Stratego is a meat grinder. The strength of pieces is known only to their player- and all pieces are rated on a 10-point scale for strength. In older versions, smaller numbers were stronger, much like AC in 2ed AD&D (Which I'll use here). You can only discover the strength of opposing forces by attacking- a risky venture as discovering that you just walked your 7 into your opponent's 2 means losing the 7. Ties result in both pieces dying in a Pyrrhic Victory.
My family generally played with the following understanding:
- Scouts (9) can move and attack in the same turn
- Bombs destroy any attacking piece that is not a Miner (8). When attacked by a Miner the Bomb is removed. Bombs are not removed upon killing attacking pieces.

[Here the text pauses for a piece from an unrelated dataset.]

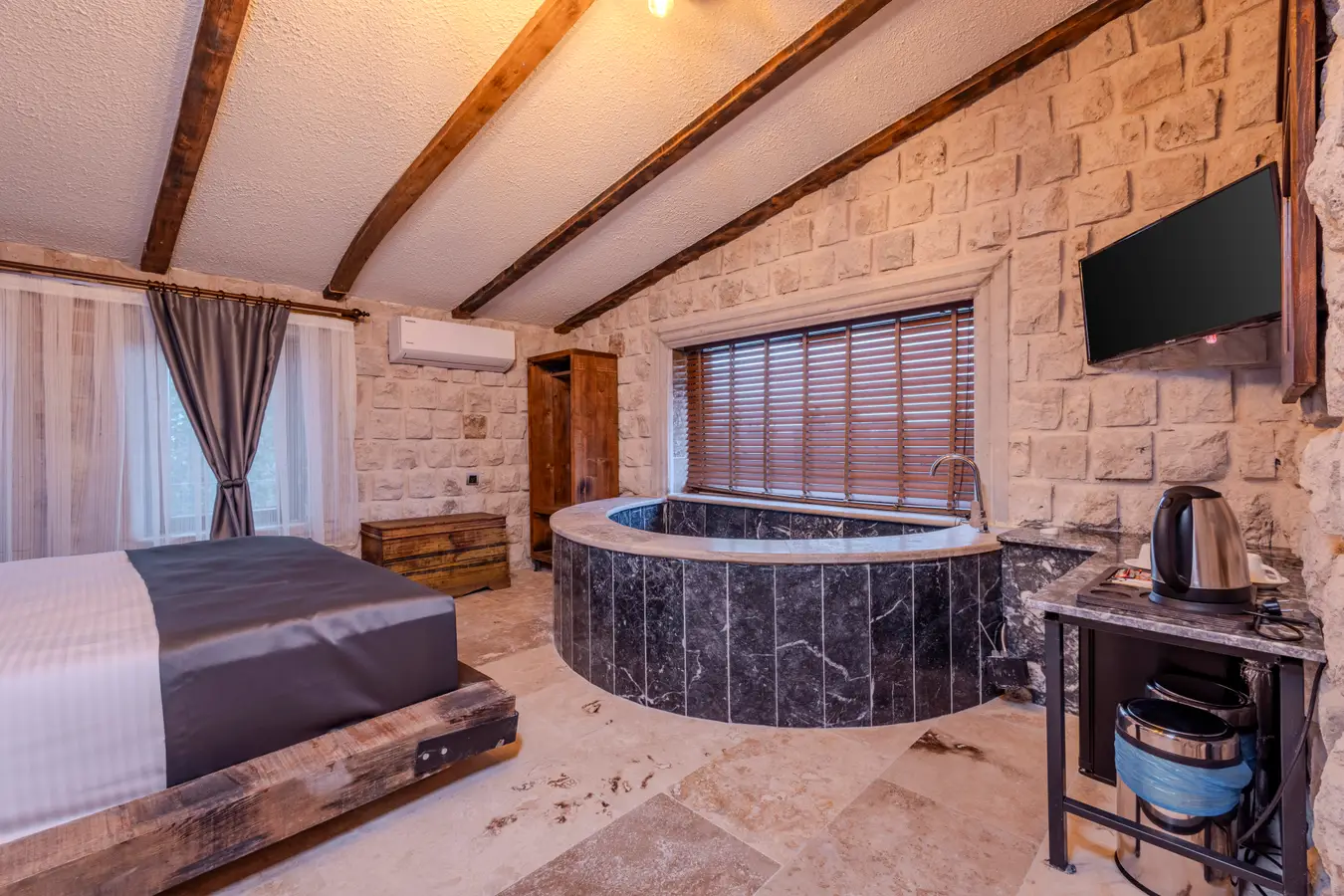 Kapadokya Balayı Paketi 12 - Jakuzili Oda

- Victorious attacking pieces advance into the square of the defeated piece
- Victorious defending pieces do not advance into the square of a defeated attacking piece
- Moving a non-scout piece to the far end of the board (similar to a pawn advancing in chess) allows you to rescue a formerly captured piece, which is placed on your starting side of the field. This may be done 3x per game, but each individual piece may only rescue once.
But, Sharon and I didn't read the rules closely enough, because there's this cool piece called the Spy.
At the top of the Stratego foodchain, you have the Marshall (1). The Marshall is a force of nature, capable of cutting down swathes of troops, only challenged by Bombs and the enemy Marshall in the absence of the Spy.
The Spy is squishy, and dies to any attack, while also dying when attacking other pieces. But, if the Spy Attacks the Marshall first, the Marshall dies. At that point the Spy can just sit around body blocking, preventing Scouts from blazing across the battlefield and taking unprotected flags, or something I guess.
But Sharon and I didn't understand the rules that way. We'd unknowingly played with a much deadlier set of rules:
If the Spy Attacks, it wins (except against bombs). If the Spy is attacked, it dies.
But Sharon and I didn't understand the rules that way. We'd unknowingly played with a much deadlier set of rules:
If the Spy Attacks, it wins (except against bombs). If the Spy is attacked, it dies.
This made a game that was already a stark look at attrition and added a game of monstrous glass cannon chicken into the mix as well. The spy could annihilate and cut through an opposing enemy army, but any scout could quickly end its reign. Attacking the wrong bait could cause the Spy to advance into the defeated piece's space and fall victim to a piece lying in wait.
Previously, the Spy was best used hidden, unobtrusively placed to sneak out and get the drop on the Marshall, a contingency to the piece in the game meant to be a force of destruction.
With our rule, what was an elegant and subtle duel became a frantic dance to find an opening that would allow for taking out one of the deadly duo, without losing half of your own in the process.
Now that I'm significantly older, I've played Stratego with both sets of rules. As far as screwing up rules go, the unintentional change we made to the Spy wasn't game-breaking, unlike the scores people who never ran auctions for unpurchased Monopoly properties (let alone the insanity of allowing free parking to accumulate a pool of money).
I'd say that this rules botch is a viable rules variant. It can overall speed the time a game of Stratego takes because of the rapid death experienced by armies as the deadly duo comes through town, and it simplifies the Spy's role by making its interactions with other pieces more universal. Highly suggested when playing with young kids looking for a more action-packed board game.